Emerson to stop at local ranch during farm tour

Rep. Jo Ann Emerson will make a stop in Texas County as part of her annual farm tour.

Emerson conducts her visits to southern Missouri producers and value-added businesses each year to address the concerns of constituents over federal agriculture policy and program funding. She will be at Carr Ranch – three miles south of Summersville on Highway 17 – from 10-11 a.m. today (Thursday).

“Even in the most normal times, it’s never an easy year to run a farm, ranch or dairy. Our agriculture operations and all of the local businesses connected to them rely on good policy, and I work very hard in Congress to make sure all of our concerns are heard at the federal level,” Emerson said. “This is an important conversation about keeping Missouri agriculture competitive with the rest of the world and the rest of the country, as well as preserving our edge on technology and infrastructure.”

Emerson’s tour features stops at a sod farm, a buffalo ranch, a winery and a miniature horse ranch.

“We feature a great diversity of agricultural operations and expertise in southern Missouri, and I am very proud of the fact that our district is a literal ‘horn of plenty’ for the nation. That also means that virtually every change in federal agriculture policy affects us in some way,” Emerson said.

The 8th district representative cites Cap-and-Trade and USDA modernization as two key issues for southern Missouri producers on which she has been exceptionally active. Emerson expects she will hear a great deal about those two subjects at the farms and ranches she visits in August.

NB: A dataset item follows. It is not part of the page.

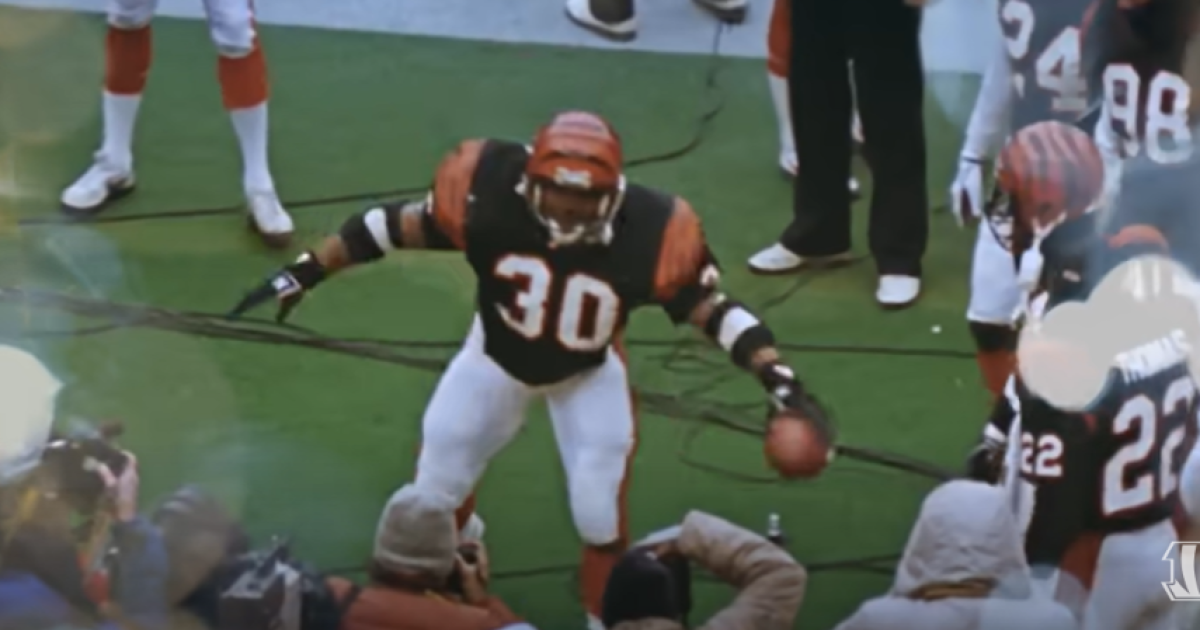 From the 'Griddy' to the 'Ickey Shuffle': Former Bengal Ickey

“A new tax on energy would affect every single home and business in southern Missouri, but a 75 percent increase in the price of electricity and fuel would hit our producers especially hard. They use a lot of energy to produce our safe, stable and affordable supply of food – from the gas in farm trucks to the electricity that runs the irrigation system at a farm or the barn at a diary. Any price shock on energy not severe enough to put them out of business will still be big enough that everyone who goes to a grocery store in America will feel the pinch,” Emerson warned.

“Another key issue for Missouri producers is keeping the local USDA or Farm Service Administration office open to serve the producers close to their dairies, ranches and farms. Federal agriculture programs are complicated and they change often, so we need to preserve the expert career staff for the times we need to help our farmers and ranchers understand the changes, comply with the rules, respond to disasters and use the safety provided by the federal farm programs when they need it.”

In the U.S. House of Representatives, Emerson serves on the Agriculture Subcommittee of the Appropriations Committee, where funding and oversight for USDA programs is an annual priority. She fights an annual campaign to keep USDA offices in Missouri counties open and staffed.